My argument against the semantic web has always been:
create documents that a computer can read, and only a computer will want to read them
This, via Adriana, is the same but worse:
http://inventorspot.com/articles/social_awareness_replace_social_networking_34355
In my past blogs, I have written about the Internet of Things and Semantic Technology where Web 3.0 will eventually no longer need the input of humans, because all the content warehoused from the Web 2.0 era will be able to data-mined by machines and use when needed .
Users of a social networking platform based on the ASTRA approach would no longer need to post status updates manually to let their family know what they are doing or where they are. Surrounded by smart objects and sensors in their home or office, the system will continually update their status information, automatically telling friends that they are unavailable to receive a phone call while they are busy cooking or that they do not want to be disturbed during a business meeting.
This video gives you a glimpse of the future which is just around the corner. The ASTRA project examines “social awareness” and how it extends the primary tenets of social networking that addresses our need to stay in touch with family and friends or to be reassured regarding our own well-being.

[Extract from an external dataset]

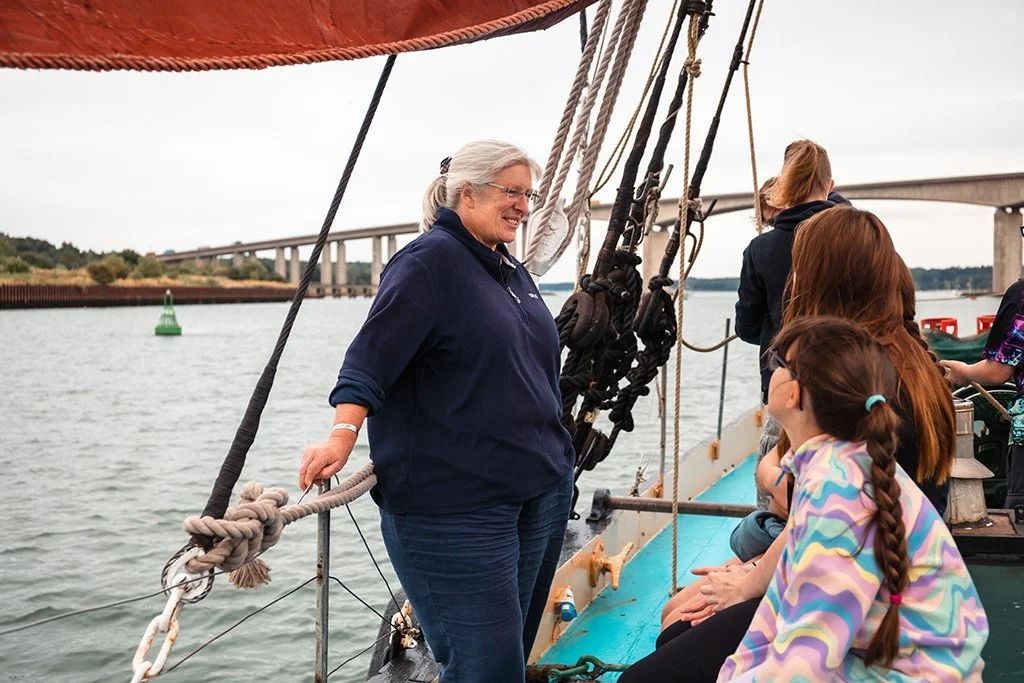 A group of people on a sailboat, with a woman standing and talking to others, on a body of water with a bridge in the background.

Watch the video. It misses the point in so many ways; yes tweets (etc) can be autogenerated, and doubtless they will be, too; but that’s not the point of tweets. The point is not surveillance, it’s stroking. A gesture, social or otherwise, is only a gesture if somewhere behind it is a human, and that human in some sense is directing it at you.
Kevin Marks calls it “phatic“. I call it human, or a “connection”, of sorts.
In fact it’s the same problem that makes this video, funny. The Twitteleh guys and the ASTRA folk ought to get together and swap notes, they could save money.